For the past three decades there has been a free market fundamentalist ideology at work in political life; an assumption that the public good is automatically served by leaving the private sector to its own devices. This view took hold under Margaret Thatcher's administration and reached near dominance under New Labour. And it was this laissez-faire instinct which reared its intolerant head when reports emerged that the Business Secretary would be daring to criticise some aspects of private-sector behaviour.

It is certainly true that free markets, which drive up quality and drive down price, are the best way of delivering the goods and services that people want and need. But the idea that the private sector always and everywhere promotes the public interest is a dangerous delusion. The reality, as Mr Cable pointed out forcefully yesterday, is that private firms, when left entirely to their own devices, often work against the public good, rather than enhancing it. They behave in ways that undermine competition and distort markets for their own narrow advantage.

Examples of this tendency abound, and this newspaper has highlighted them. While the wholesale price of energy fell sharply in 2008 the prices charged to customers by the "big six" energy firms stayed the same. The giant supermarket groups stand accused of using their market power to bully small suppliers and to pressurise local councils on matters of planning. And, of course, the banking sector has been the source of a host of abuses in recent years, from excessive overdraft charges to the arbitrary imposition of penal borrowing terms on small businesses since the recession.

The costs to the public of a laissez-faire attitude to markets from the state manifest themselves in excessive charges and needlessly high prices. But the public costs by no means stop there. The reason Britain has one of the biggest deficits in the G20 is because the Treasury became so heavily reliant on the bubble revenues of an inadequately regulated financial services sector.
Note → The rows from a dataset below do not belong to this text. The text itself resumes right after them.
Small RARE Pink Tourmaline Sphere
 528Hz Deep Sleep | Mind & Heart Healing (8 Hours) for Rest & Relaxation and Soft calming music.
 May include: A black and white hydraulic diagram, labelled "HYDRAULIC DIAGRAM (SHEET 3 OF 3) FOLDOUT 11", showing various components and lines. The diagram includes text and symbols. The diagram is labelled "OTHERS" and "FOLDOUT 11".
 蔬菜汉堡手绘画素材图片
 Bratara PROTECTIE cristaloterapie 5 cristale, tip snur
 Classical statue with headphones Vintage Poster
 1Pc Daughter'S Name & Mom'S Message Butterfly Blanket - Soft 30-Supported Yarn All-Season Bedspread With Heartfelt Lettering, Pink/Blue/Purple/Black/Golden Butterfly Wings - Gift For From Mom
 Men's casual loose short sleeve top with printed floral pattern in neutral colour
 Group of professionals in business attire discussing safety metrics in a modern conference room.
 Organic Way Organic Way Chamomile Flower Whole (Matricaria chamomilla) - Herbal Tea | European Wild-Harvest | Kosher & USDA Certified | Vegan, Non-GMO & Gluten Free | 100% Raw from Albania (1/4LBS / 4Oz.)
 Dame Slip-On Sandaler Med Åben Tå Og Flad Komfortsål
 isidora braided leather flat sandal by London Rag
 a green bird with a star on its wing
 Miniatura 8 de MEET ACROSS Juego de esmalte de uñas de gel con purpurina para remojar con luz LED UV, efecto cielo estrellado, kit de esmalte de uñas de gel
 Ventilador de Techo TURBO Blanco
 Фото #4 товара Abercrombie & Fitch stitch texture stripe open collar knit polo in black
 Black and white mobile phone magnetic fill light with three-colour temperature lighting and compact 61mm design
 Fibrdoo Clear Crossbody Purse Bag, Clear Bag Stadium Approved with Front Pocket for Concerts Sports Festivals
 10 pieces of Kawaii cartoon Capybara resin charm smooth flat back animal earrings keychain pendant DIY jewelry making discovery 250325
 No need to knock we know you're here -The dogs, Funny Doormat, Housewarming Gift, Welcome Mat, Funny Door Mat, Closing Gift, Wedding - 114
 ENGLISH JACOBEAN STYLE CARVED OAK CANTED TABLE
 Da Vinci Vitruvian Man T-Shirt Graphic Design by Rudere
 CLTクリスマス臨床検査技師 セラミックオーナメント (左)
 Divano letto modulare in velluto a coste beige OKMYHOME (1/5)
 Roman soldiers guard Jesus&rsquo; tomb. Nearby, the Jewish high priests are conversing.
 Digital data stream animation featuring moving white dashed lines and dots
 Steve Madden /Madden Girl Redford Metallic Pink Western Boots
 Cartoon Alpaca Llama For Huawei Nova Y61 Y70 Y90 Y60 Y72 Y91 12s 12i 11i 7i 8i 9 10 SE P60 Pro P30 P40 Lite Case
Britain is facing years of savage public spending cuts largely because of the failure of successive ministers and regulators to curb the recklessness of the banks.

It is for the same reason – protection of the public interest – that Mr Cable is justified in examining the rules surrounding private sector takeovers, such as the recent acquisition of Cadbury by the US food giant Kraft. Most of these large mergers end up destroying shareholder value over the long term. And Cadbury is unlikely to be an exception. Shareholders, not ministers, should decide on matters of ownership. But it is almost impossible for shareholders who take a long-term perspective to hold out when short-term speculators arrive en masse as they do when news of a takeover attempt breaks. It is entirely legitimate for the Government to examine ways of throwing sand in the wheels of such takeovers. There is nothing in the least "anti-business" about demanding a level playing field for investors.

In recent years, ministers have tended to assume that support for free markets means blindly cheering on all private sector activity. But the interests of individual companies, or a particular sector, should not be confused with the interests of the wider economy or the general public. Mr Cable understands that distinction. We await with interest to see whether the Coalition as a whole has got the message.